Proteus vulgaris, a clinical isolate
Silver products
Ten silver preparations were tested against each Proteus strain (Table 1). Products 1 and 2 are commercial silver salts. Sample 3 was synthesised by chemical reduction of ‘silver carbonate’ (Ag NO3 with NaHCO3), kindly donated by A. White, Brisbane. Sample 4 was a commercial batch of ‘colloidal silver’ (Meso Silver). Products numbered 5–10 are experimental nanoparticulate silver (NPS) preparations (Laroo Research) synthesised by electrochemistry and controlled radiation or photonic electron transfer.

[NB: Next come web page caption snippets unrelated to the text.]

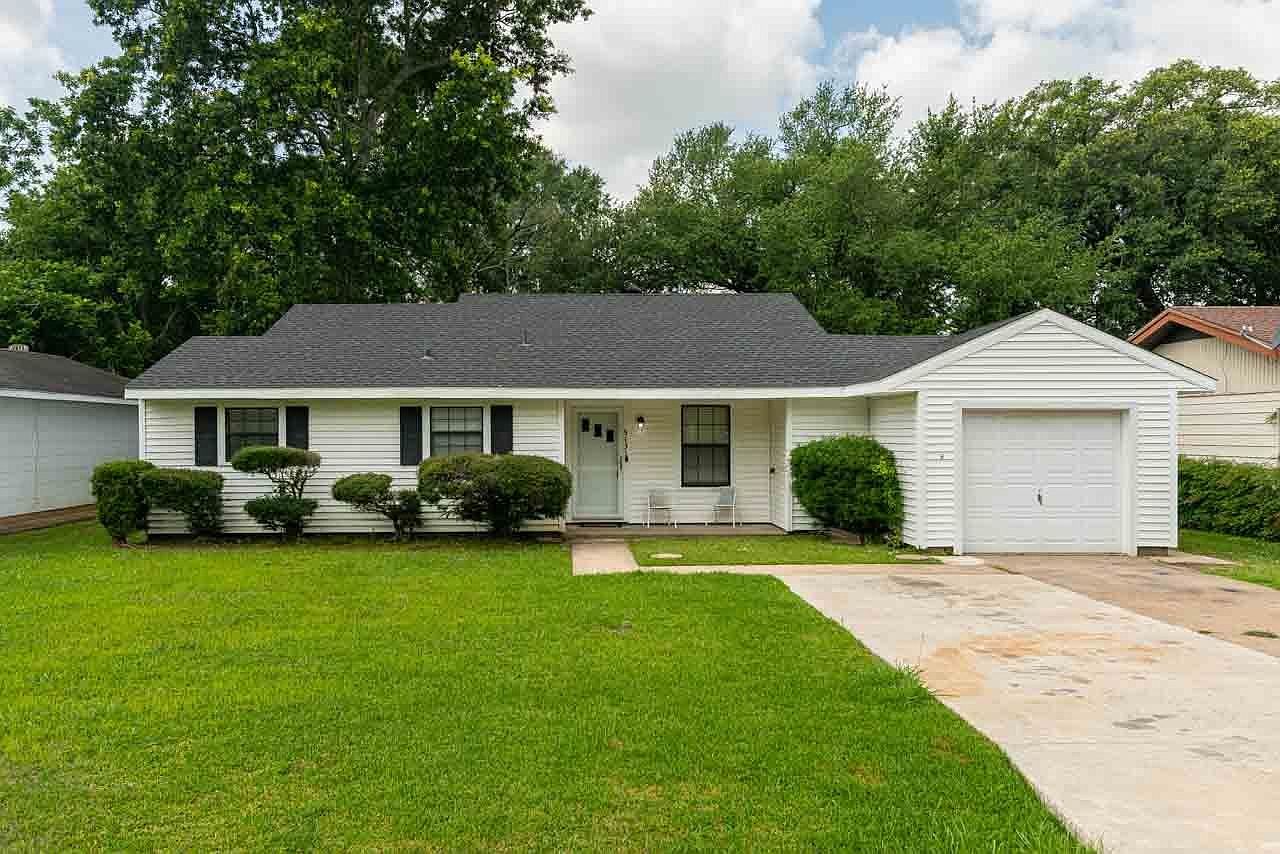 5131 Main Ave, Groves, TX 77619 MLS 238502 Zillow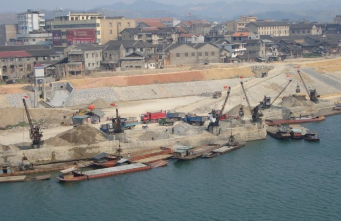 貨運(yùn)公司都有自己的許可證，會(huì)計(jì)和法律合規(guī)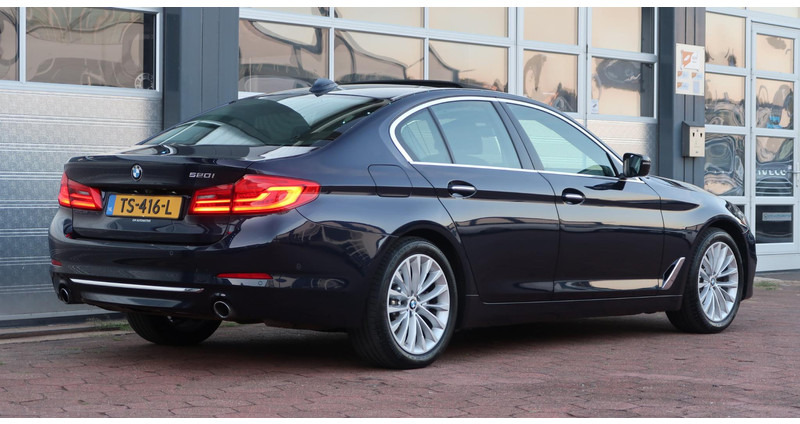 BMW 5 Serie 520i Corporate High Executive SCHUIFDAK/ NAPPA-LEDER/ ACC/ HEAD-UP/ H&K / ETC. - Limuzina: slika BMW 5 Serie 520i Corporate High Executive SCHUIFDAK/ NAPPA-LEDER/ ACC/ HEAD-UP/ H&K / ETC. - Limuzina BMW 5 Serie 520i Corporate High Executive SCHUIFDAK/ NAPPA-LEDER/ ACC/ HEAD-UP/ H&K / ETC. - Limuzina: slika BMW 5 Serie 520i Corporate High Executive SCHUIFDAK/ NAPPA-LEDER/ ACC/ HEAD-UP/ H&K / ETC. - Limuzina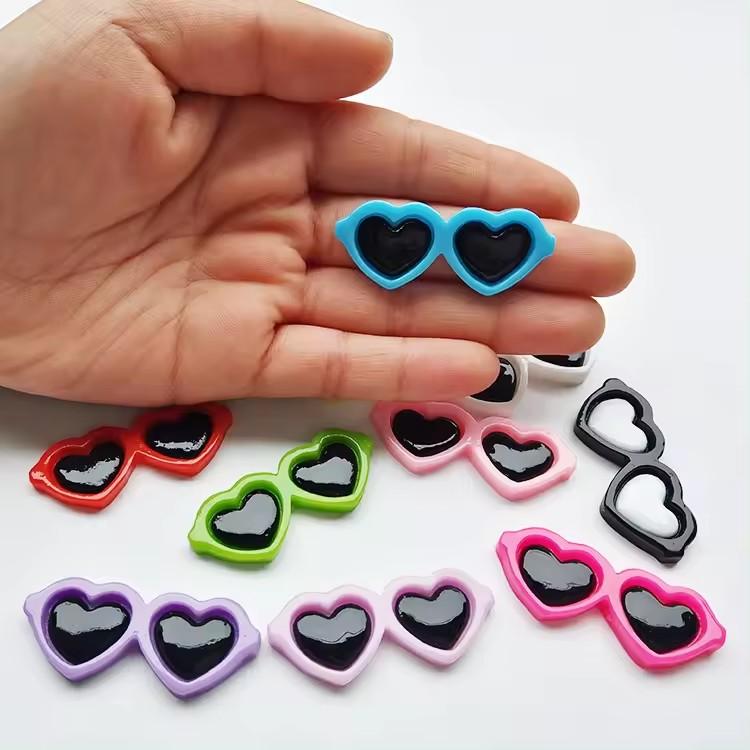 Bag of 100 Round Summer Heart Sunglass Flat Back Resin Cabochons DIY Craft for Souvenirs Artificial Style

These electro-photochemical (E + PC) preparations were produced from 99.99 % pure silver electrodes by varying (a) DC voltage (28–300 v), (b) duration of electrochemical oxidation and (c) exposure to light at frequencies ≤470 nm. Photo-induced reduction of electrochemical-generated silver cations by hydrated electrons is an important factor determining NPS yield and cluster size (Laroo 2013).
Total silver content was determined by atomic absorption spectrophotometry. Ionic silver was determined either with a silver-specific ion electrode (Ionex) or by fractionation using KSCN or a cation exchanger resin (Amberlite IR-120) (Cock et al. 2012). The NPS preparations containing 5–35 % ionic silver, were polydisperse in their size distribution and ranged from 5 to 230 nm. Some of the larger particle aggregates could be dissociated by gentle agitation or brief sonication. A working mode of characterisation was to measure orthogonal (90°) scattering of green laser incident light (532 nm) in a modified spectrophotometer soon after preparation and again after completing bioassays.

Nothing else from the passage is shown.